1st Circuit Court of Appeal’s Decision

The 1st Circuit framed the issue as follows:

Our assessment of this argument turns in the first instance on the Plan’s language. In accordance with that language, the pivotal question is whether at that April 2014 office visit (or at any point between March 1 and May 31) any of the following occurred: (1) Dr. Lopez “diagnosed or treated” the melanoma; (2) Lavery “received” services “for the” melanoma; or (3) Lavery “took drugs or medicine prescribed or recommended” by Dr. Lopez “for [the] condition.” 
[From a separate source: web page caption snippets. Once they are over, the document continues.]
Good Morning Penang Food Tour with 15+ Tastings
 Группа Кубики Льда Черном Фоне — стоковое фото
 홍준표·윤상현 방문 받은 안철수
As a preliminary matter, the Court conceded that Aetna had discretionary authority to interpret its policy; and its decision could only be overturned if it was deemed arbitrary and capricious. However, the Court also noted that because Aetna served as both the claim administrator and funded the benefits Aetna operated under a structural conflict of interest in deciding Lavery’s claim. And after considering the totality of the facts and evidence the Court concluded that Aetna’s decision-making was motivated by that financial conflict, including claim notes replete with documentation that the claim examiners did not believe the pre-ex exclusion applied while claim managers making the final decision – without any meaningful rationale or explanation – concluded that it did apply.  In fact, the Court concluded that because Aetna’s decision was motivated by its financial conflict of interest and “an arbitrary attempt to justify a preferred result,” the court stripped Aetna of deference.  
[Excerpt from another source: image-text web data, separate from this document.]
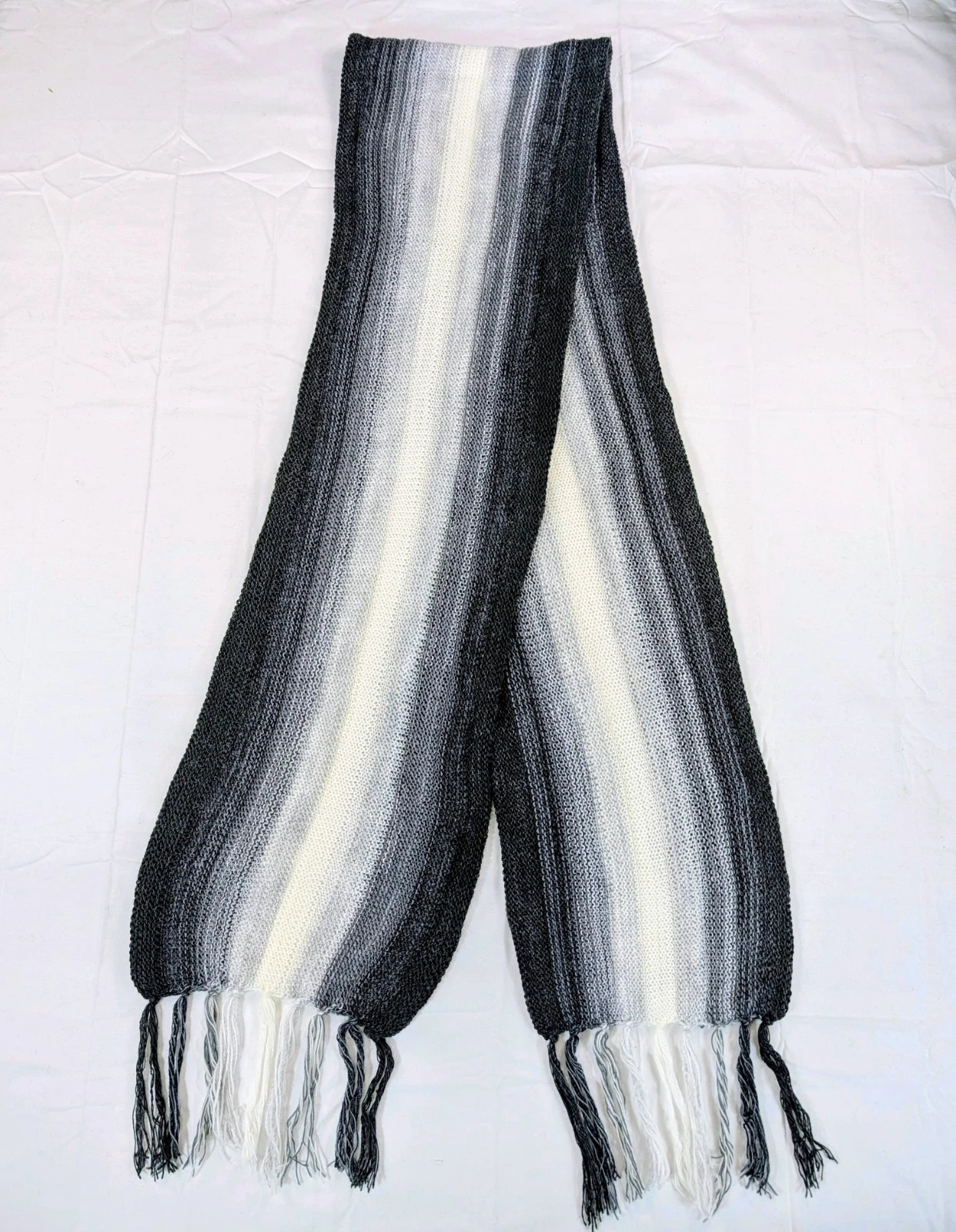 White Gray Extra Soft Alpaca Scarf Peruvian Inca Pattern Textile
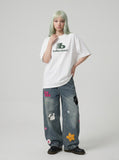 DAXUEN Oversized Chest Logo Relaxed Tee — model photo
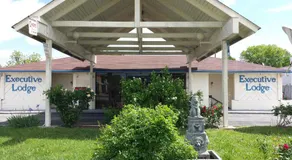Executive Lodge - Image 3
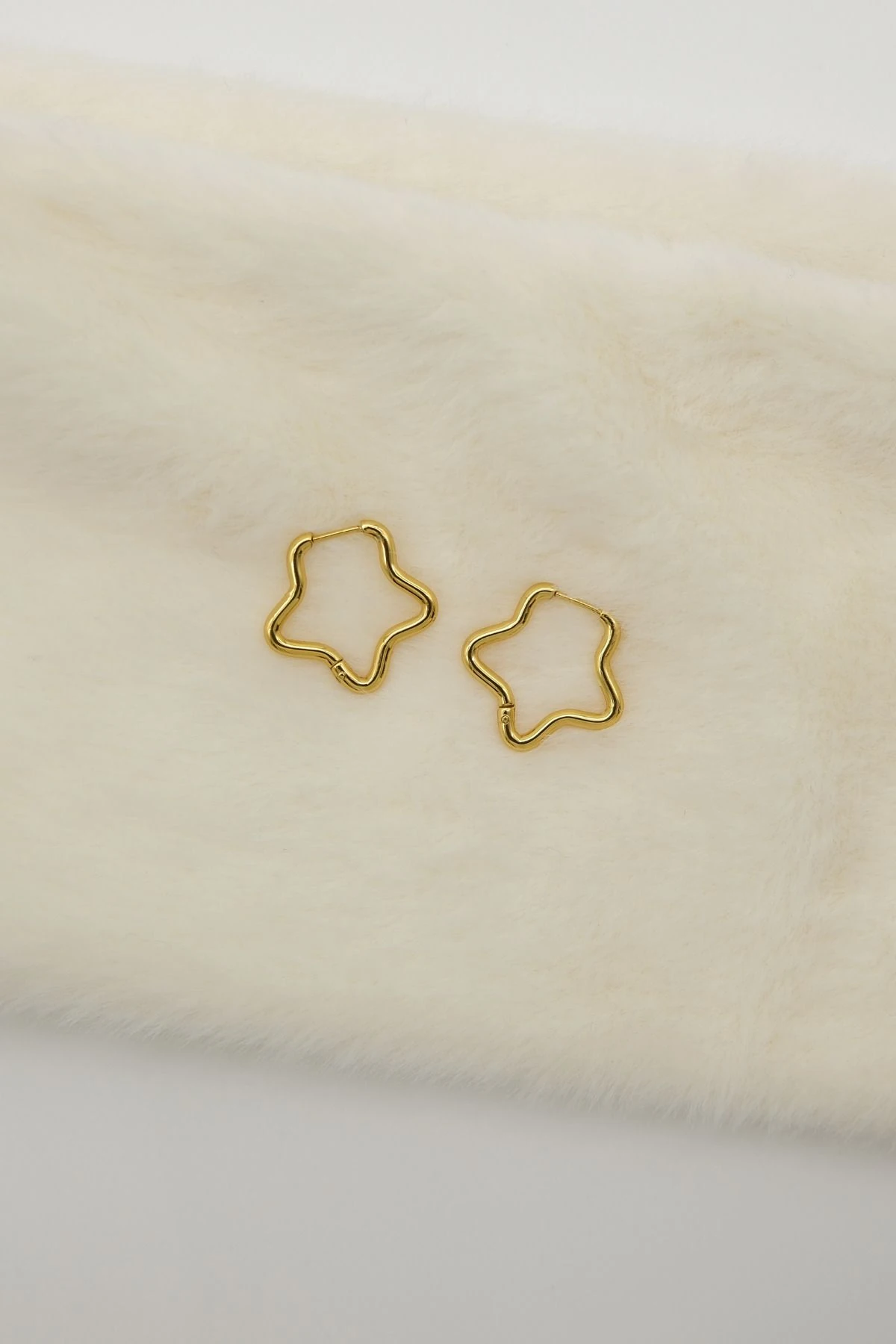 Gold Renk 5Köşe Çelik Küpe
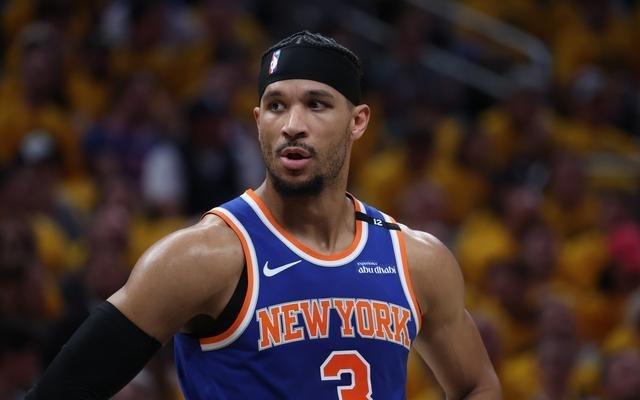 哈特开玩笑：如果我不是首发我可能会申请交易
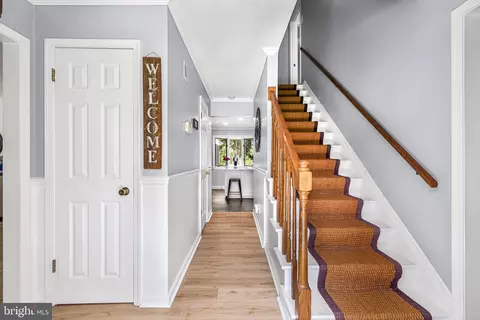 Entry Way - 2806 York Manor Rd, Phoenix, MD 21131 photo 2 of 7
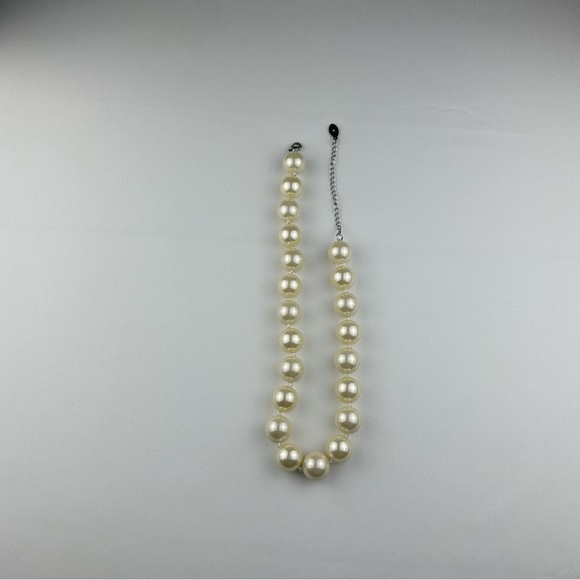 Ann Taylor Factory Oversized Pearl Necklace - Off-White with Silver Tone Clasp - Picture 4 of 7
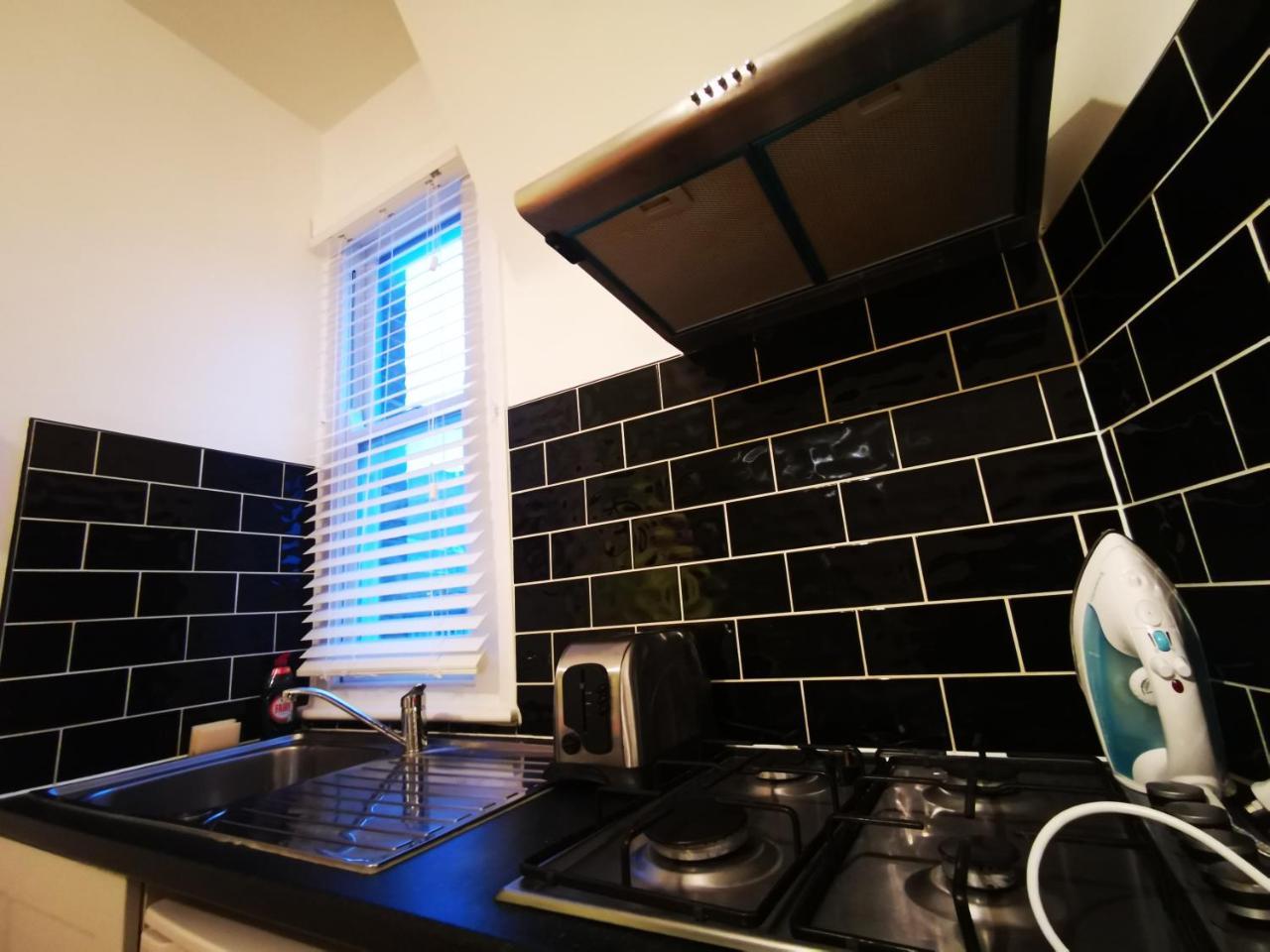 Capital Host- Apartments Euston Лондон Экстерьер фото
In a last ditch effort to brief life into it unreasonable decision making, Aetna argued that the Court should remand – or return – the case to Aetna for further investigation because it had never actually made an initial determination as to whether Lavery was disabled. The Court, however, concluded that remand was neither necessary nor appropriate, finding:

There is ample, indeed compelling, evidence to conclude that, at least at the time his benefits claim was denied, Lavery was disabled.
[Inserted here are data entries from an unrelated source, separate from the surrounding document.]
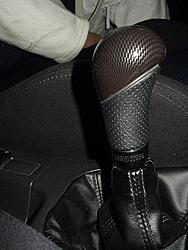 momo shadow shift knob-p1010004-1-.jpg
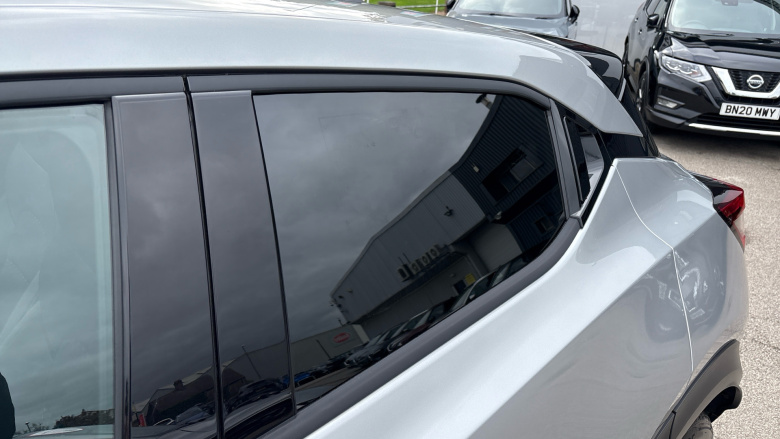 Nissan Juke 1.0 DiG-T N-Connecta 5dr Petrol Hatchback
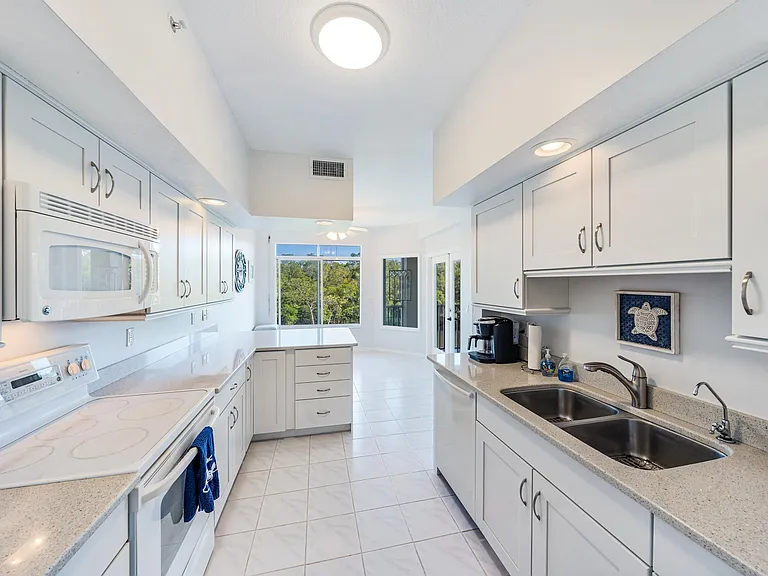 181 Lenell Rd #1B — Photo 10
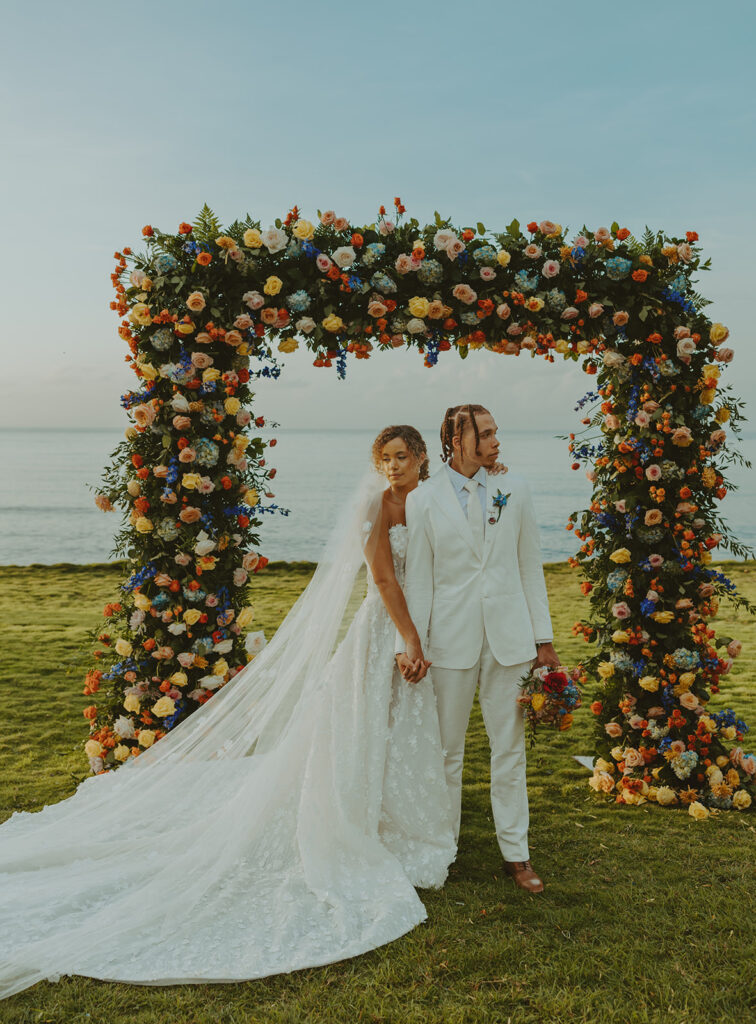 A stylish destination wedding couple captured in Jamaica’s tropical paradise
Similarly, the Court refused Aetna’s request for remand on the issue of entitlement to ongoing benefits, finding:

[W]e find that several factors weigh in favor of precluding Aetna from completely asserting their “no disability” defense as a means for achieving remand… First, Lavery’s medical condition (i.e., Stage IV malignant melanoma) “calls for resolving this controversy quickly”… Second, and importantly, the unfortunately unsurprising picture of a worsening illness suggests that Aetna’s assessment of Lavery as disabled would have been unlikely to change as time went by… Third, it is now August of 2019. It is impossible to do contemporaneous exams or to document with specificity Lavery’s day-to-day activity over the now past few years… Aetna’s wrongful denial rather than Lavery’s delay has caused the inability to do contemporaneous assessments of his condition… with these factors in mind – especially considering the fact that the record suggests that it is unlikely that Lavery’s disability has lessened – we conclude that it would be inequitable to [remand].